Morph-KGC: Scalable Knowledge Graph Materialization with Mapping Partitions

Tracking #: 3090-4304

Authors: 
Julián Arenas-Guerrero
David Chaves-Fraga
Jhon Toledo
María S. Pérez
Oscar Corcho

Responsible editor: 
Elena Demidova

Submission type: 
Full Paper
Abstract: 
Knowledge graphs are often constructed from heterogeneous data sources, using declarative rules that map them to a target ontology and materializing them into RDF. When these data sources are large, the materialization of the entire knowledge graph may be computationally expensive and not suitable for those cases where a rapid materialization is required. In this work, we propose an approach to overcome this limitation, based on the novel concept of mapping partitions. Mapping partitions are defined as groups of mapping rules that generate disjoint subsets of the knowledge graph. Each of these groups can be processed separately, reducing the total amount of memory and execution time required by the materialization process. We have included this optimization in our materialization engine Morph-KGC, and we have evaluated it over three established benchmarks. Our experimental results show that, compared with state-of-the-art techniques, Morph-KGC presents the following advantages: i) it decreases significantly the time required for materialization, ii) it reduces the maximum peak of memory used, and iii) it scales to data sizes that other engines are not capable of processing currently.
Full PDF Version: 
Tags: 
Reviewed

Decision/Status: 
Minor Revision

Solicited Reviews:
Click to Expand/Collapse
Review #1
By Sherzod Hakimov submitted on 18/Mar/2022
Suggestion:
Accept
Review Comment:

The paper presents a method for materialization of triples that are used for knowledge graph construction. Two different algorithms are presented for mapping partitions, which group mapping rules that create triples. The presented algorithms are evaluated on three benchmark datasets and compared against four existing systems. The experimental results suggest that the presented sequential and parallel processing solutions perform better than the compared systems in terms of memory usage and execution time, respectively.

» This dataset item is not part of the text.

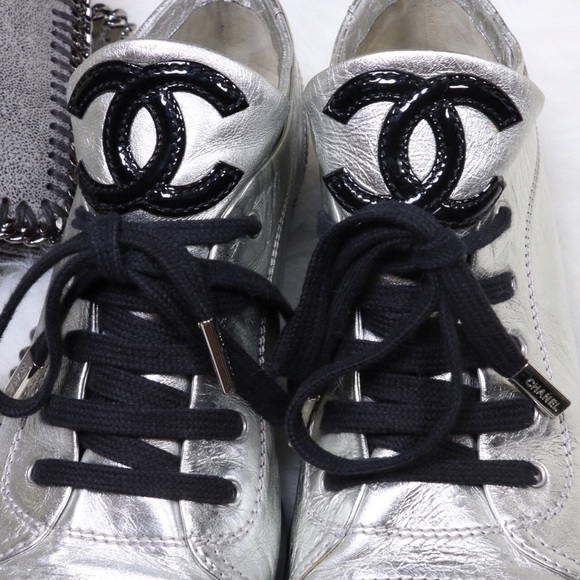🎁Sold🎉Editor Pick HP Chanel Silver Sneakers - Picture 2 of 4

Originality: the paper addresses an important problem of reducing memory usage and execution time for knowledge graph construction. The novelty aspect of the paper lies in the presented two ways of using mapping partitions: parallel or sequential execution.

Improvement: The authors have taken into account the comments regarding the inclusion of additional configurations of the presented model for some experiments, inclusion of a discussion section to finalize the findings from the presented solution. The authors have shared the resources in Zenodo for the reproducibility.

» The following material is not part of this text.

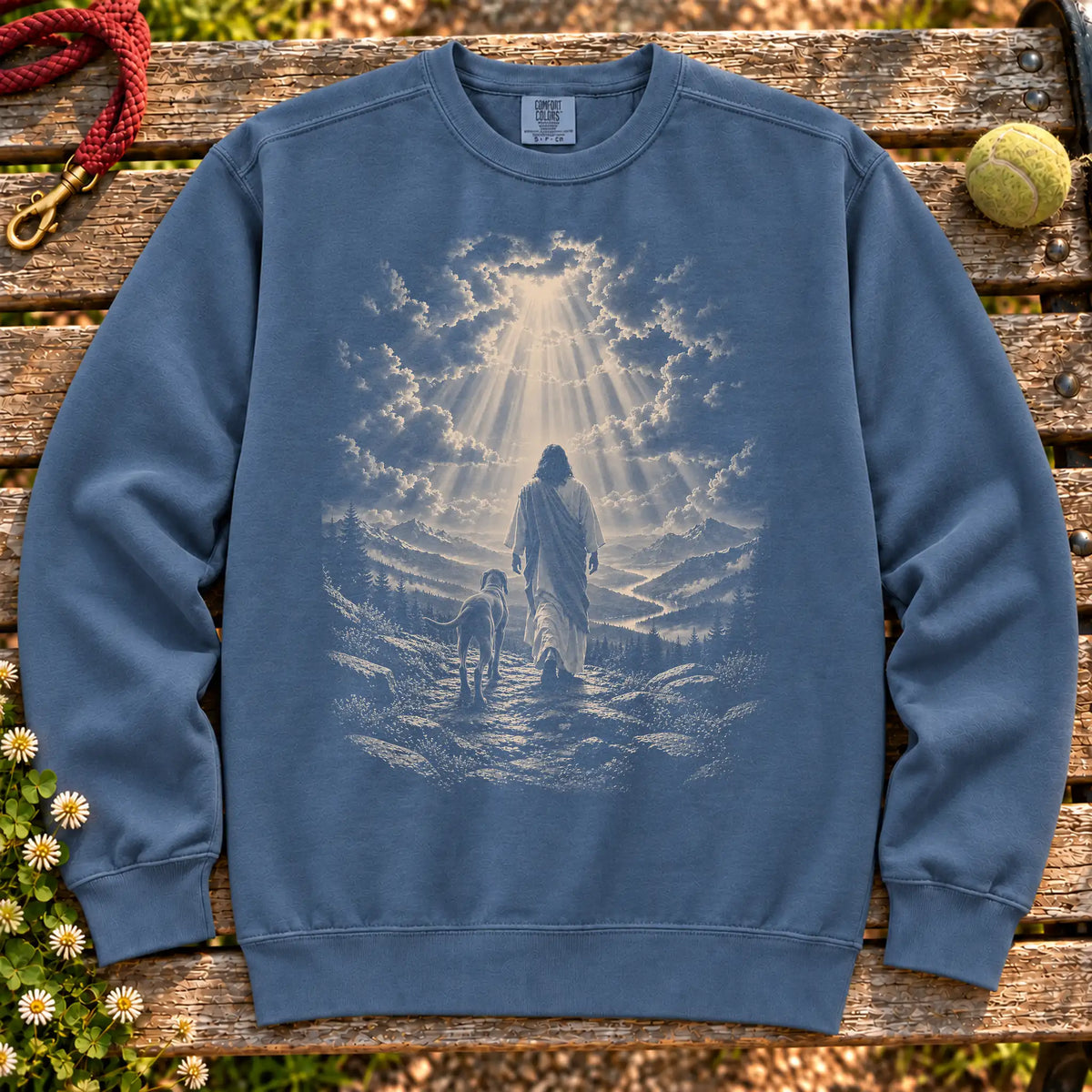 Denim sweatshirt showing Jesus walking beside a Weimaraner beneath rays of light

Overall, the paper is well written with clear structures, after the requested changes from the initial reviews.

Review #2
Anonymous submitted on 07/May/2022
Suggestion:
Minor Revision
Review Comment:

This document reports the second version of the work on planning and execution techniques for [R2]RML mapping rules. The proposed method relies on the partition of mapping rules. Evaluating the groups in the partition, reduces the duplicated generation of RDF triples and maximizes the parallel execution of the mapping rules. The proposed techniques are implemented in MorphKGC, an RML-compliant engine; the behavior of MorphKGC is assessed in three existing benchmarks. The reported results suggest that the proposed methods can accelerate the execution of mapping rules as the ones composing the studied benchmarks.

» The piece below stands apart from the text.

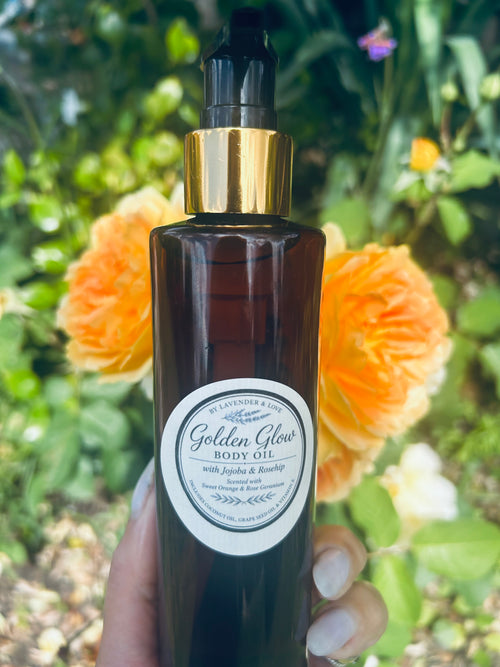 Body Oil- Golden Glow - Jojoba, Rosehip , sweet orange and rose geranium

Overall, this second version addresses some comments on the previous version. The new experimental results provide evidence of the benefits that planning the execution of the mapping rules brings to the process of KG construction. Moreover, the competitive behavior with other engines puts the critical role played by logical and physical planning into perspective. Despite the improvements, this new version of this work still presents imprecise statements which need to be addressed in a new version of the paper.

Definitions:

Definitions 1 and 2 are still not well-formulated; please, reuse the notation and conventions in 2.2. The formal proof of whether given a data source when these two mapping documents will produce the same set of RDF triples is necessary; the correctness of the proposed approach dependents on that.

I do not agree with this statement
“Answer: We have included an additional function const(.) in Section 2.2 to solve this. Note that `if` here does not refer to logics, we have replaced it with `when` to avoid reader confusion. As the values of a term map must be {constant, template or reference}, the invariant is well-defined with the bullets that consider the three possibilities.”
Since “when” and “if” represent logical conditionals, clarify the sufficient and necessary conditions in Definition 5.

Proposed Algorithms:

Please, clearly state the assumptions under which Algorithm 3 is able to generate the Maximal Mapping Partition of an [R2]RML document.

Empirical Evaluation
Please, include absolute values and explain the impact of the selectivity of the joins in the performance of the compared engines.

Minor comments
SDM-RDFizer v4.1.1 and Chimera v2.1. are interpreters of RML and not only parsers. Please, clarify this point.